The affirmations: This week, at least, one of the exercises is to do affirmations.  Every morning after completing my Morning Pages, I say nice things to myself about how I'm a prolific artist and I am channeling God's creativity and stuff like that.  It's totally cheesy, but as someone who has battled depression in the past and won, in part, due to positive affirmations and gratitude practices, I am all over this.

The spiritual bent: I have a kind of faltering but ever-present spiritual intention in my life.  Of late, it's been more falter than intent, and I think that a practice founded on the idea that we are connected to a creative source (God) will be very useful.  It also helps the art not be egotistical or self-serving if it's about channeling/getting in touch with something bigger than I am (I am always in favour of Something Bigger Than Me).


HMMMMMMMMMS:

The Recovery Talk: Oh goodness, are we all these delicate, bruised roses that need to be coddled back to our blooming glory?  I get it, a lot of people have beat up their little inner artist so much that they are covered in wounds and need to be gently guided back into trusting themselves.

Sure, growing up it was often suggested to me that art makes a great hobby after I was asked how I would make a living, and maybe I've just begun to believe my oppressors, but I don't think that was wrong of people to ask.  We don't have a patronage system anymore, so if you are going to be a full-time artist you kind of need to be a business person and marketer too.  You need to think through how you are going to make your art lucrative.  You need to study, apply for grants, pitch to galleries, set up websites with online shops, network, and run Instagram accounts.  Let's be honest, Julia Cameron makes zillions of dollars marketing an empire of products surrounding The Artist's Way, and that's not all just a result of following her inner artist's bliss.  It's business acumen.

All that to say, I don't feel like my inner artist is this poor, neglected child who needs to be gently coaxed out into the sunlight.  All I'm looking for is to give her more room to play.

The Childish Tasks: Some of the tasks are great.  Obviously the Morning Pages and the Artist Date are already wins to me.  I'm doing the affirmations and am fully on board with them.

This week, however, I'm also supposed to be identifying the "monsters" in my life who held me back and scared my sweet little artist into hiding behind my spleen.  I'm to write childlike rebuttals to put them in their place and draw pictures of them with boogers on their faces.

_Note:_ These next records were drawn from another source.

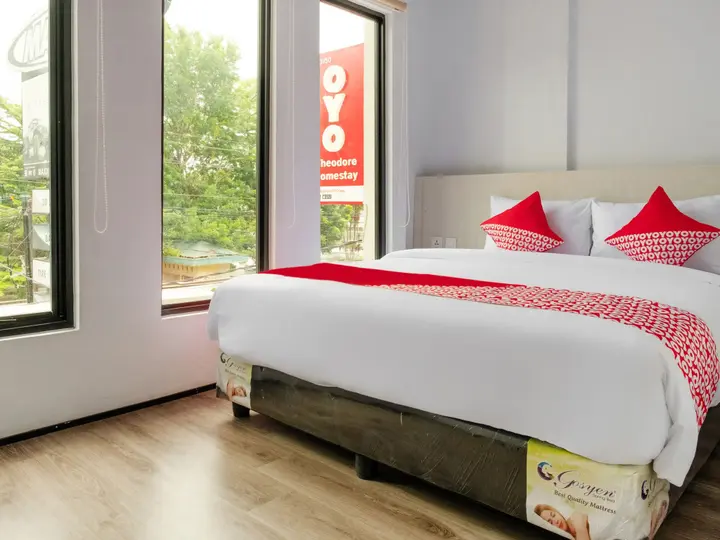 Медан: Super OYO 3150 Theodore Homestay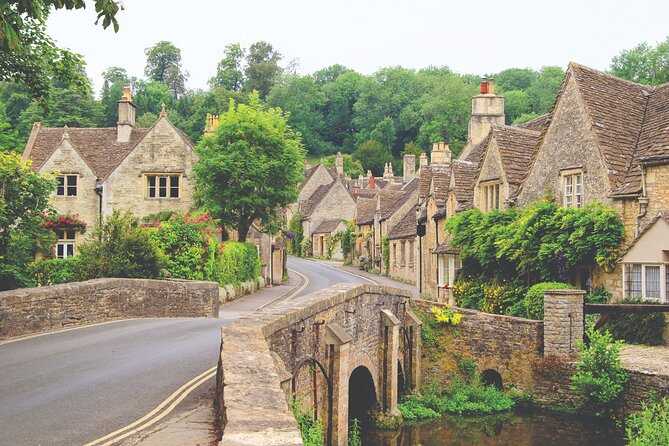 Stonehenge & the Cotswolds Including Admission from Bath - Leaving Bath in a 16-seat Mercedes minibus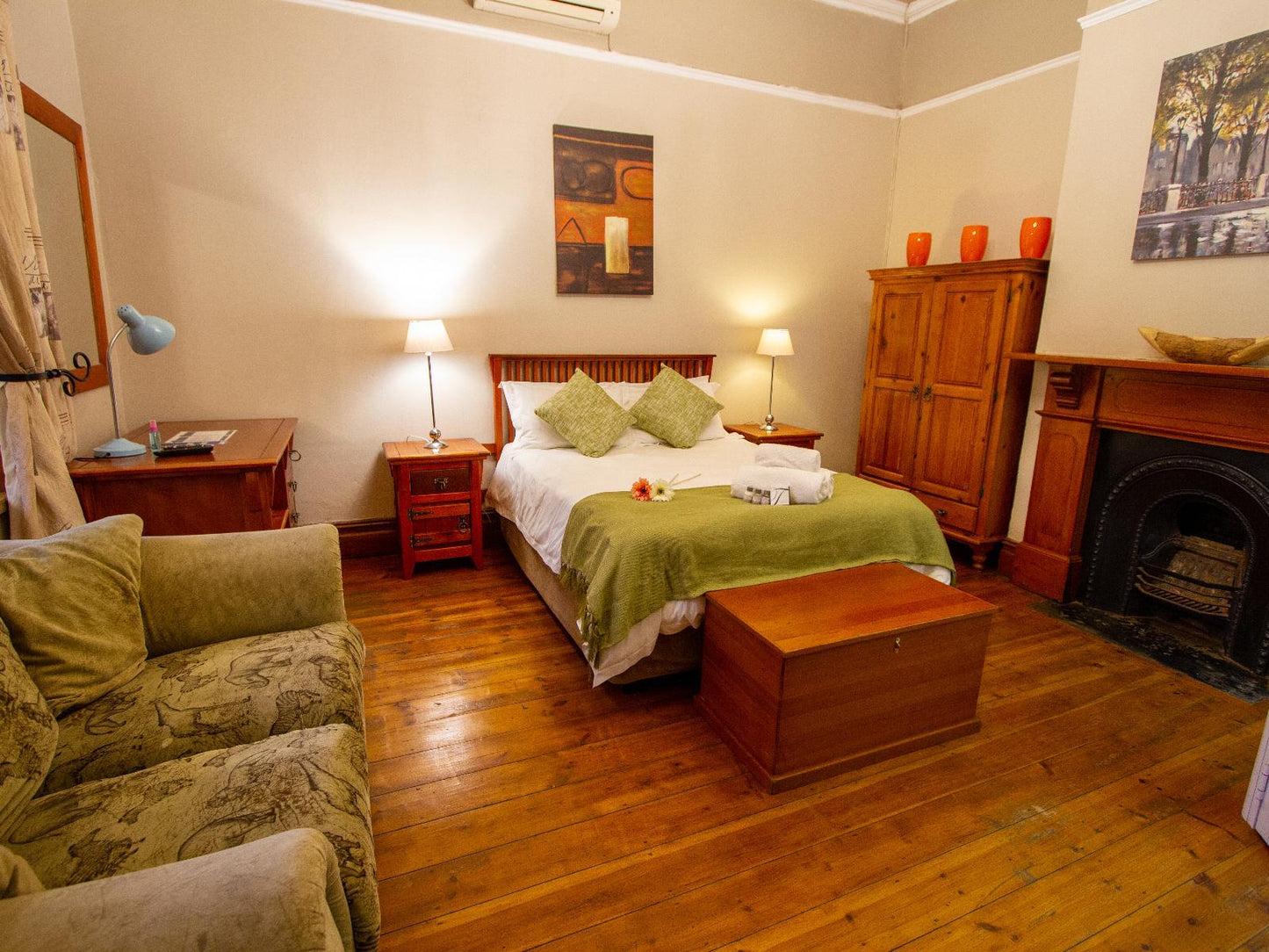 Double En-Suite Rooms with Air-Condition @ Heidelberg Lodge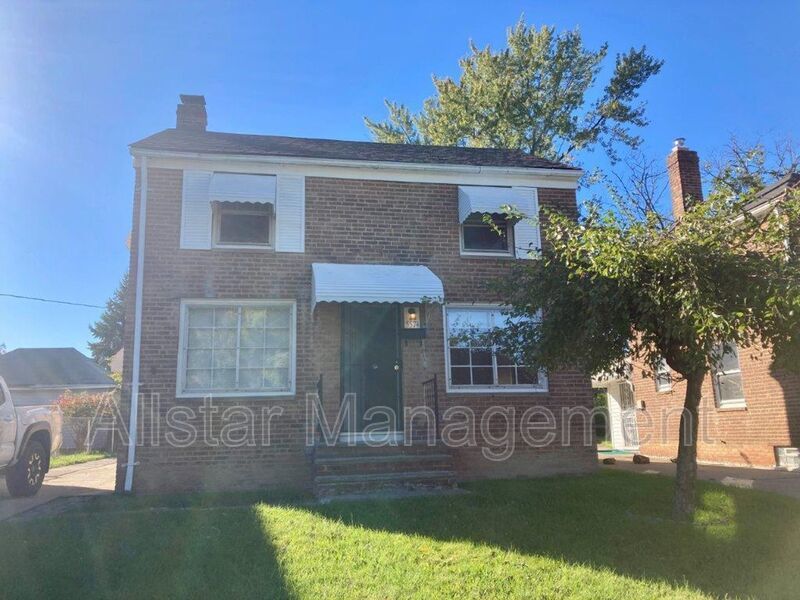 5574 Beechwood Ave., Maple Hts. property image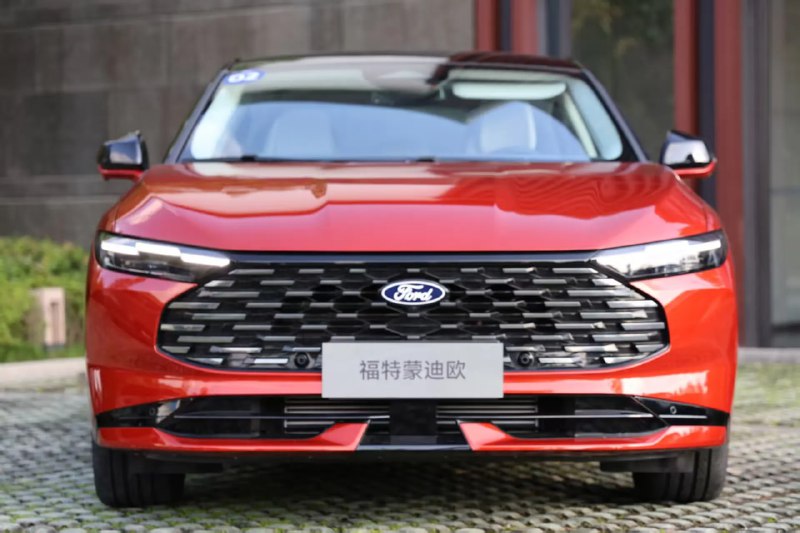 Обновленный Ford Mondeo дебютировал в Китае с модернизированным дизайном и техподдержкой Обновленный Ford Mondeo дебютировал в Китае с модернизированным дизайном и техподдержкой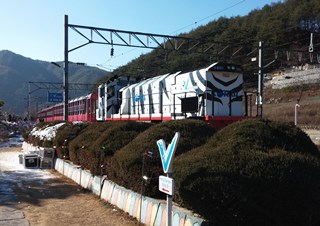 분천역 산타마을 - 기차와 사람들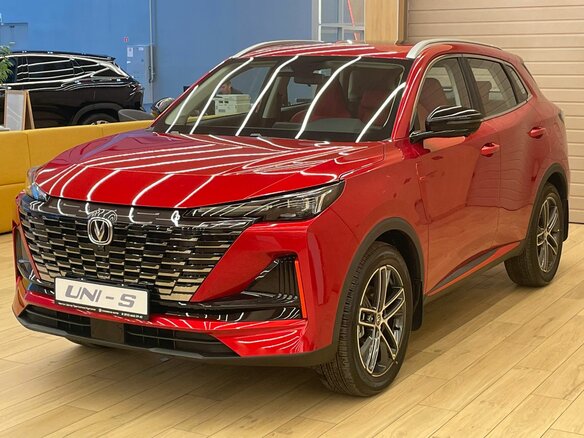 2026 Changan UNI-S I, красный, 3229900 рублей - вид 3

I don't know.  That just seems silly.  I can't even think of anyone, and if I could, I wouldn't want to call them names and black out their teeth, because I know they weren't trying to quash my dreams.  They were trying to love and support me the best they knew how.  No monsters here, just people doing their best.

Resistance Dismissal: If I had a "Hall of Monsters" who had murdered my innocent young artist I might see this differently, but what kind of gets me about this is the fact that Julia Cameron makes a point of dismissing any resistance you may feel to the tasks.  Basically, if I feel like I don't want to do something, it's not because the exercise doesn't suit me, it's because I am resisting recovery and sticking with my comfortably familiar (but painful) state of suffocated dreams.

To her, The Artist's Way is not wrong or needing modification, only my attitude needs adjusting.  This, of course, starts to remind me of a common religious reasoning whenever something doesn't work out: "it's never God's fault, it's always your fault, you faithless sinner."  That kind of logic is never very helpful, if you ask me.